The interface with women at child-health clinics offers a critical opportunity to expand the provision of sexual and reproductive health services, and to encourage their long-term use. Yet this strategy is rarely used to its full effect. The potential benefits of extending postpartum services beyond the conventional six-week period after childbirth are considerable but they will be especially enhanced through integration of maternal and reproductive care within child health services. This is an innovative approach, potentially alleviating much of the burden of disease women experience during this time. Synchronized with local immunization schedules, an early visit could be offered around four to six weeks postpartum, a second visit about three months after childbirth and a final visit at six to nine months. Some indication of the feasibility of this approach is evident from research in East Africa, where integration of services for postpartum women within child health services was successfully piloted. The optimum package of services would need to be tailored to local disease priorities and health policies.
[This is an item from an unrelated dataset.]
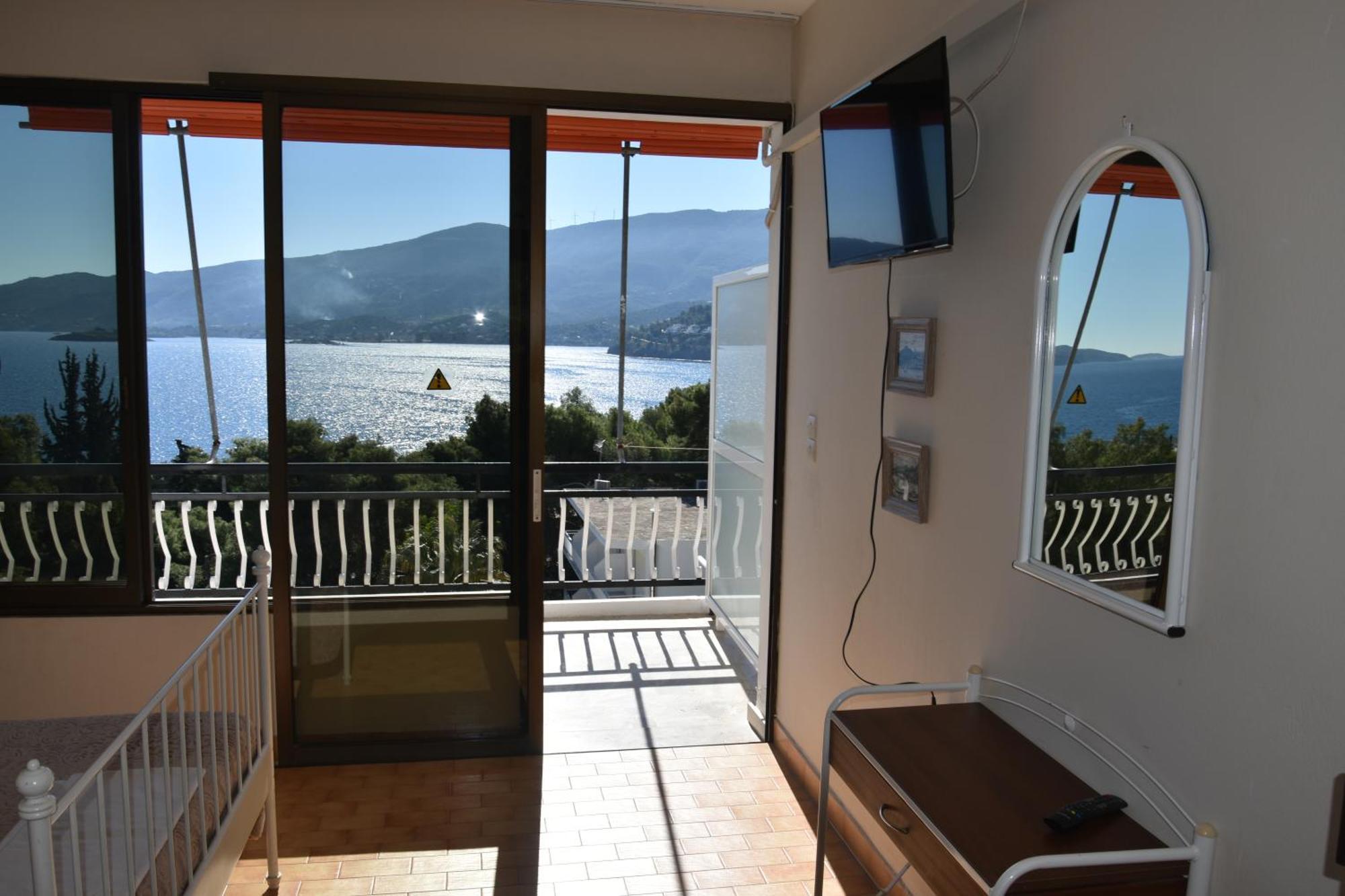 Lions 2 Studios & Apartments, Poros Island. Poros Town Exteriör bild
Concerns have often been raised about the breakdown in the continuum of care provided during what has been called the "the two-year postnatal period" in one report, when opportunities to deliver essential services are being lost. Integration of maternal care within child health services will begin to address this gap by enhancing the continuity of care for the mother as she transitions back to reproductive potential. The MOMI research project will provide comparative data across four country sites on the impact of such an integration initiative on health processes and outcomes and will generate lessons learned during implementation.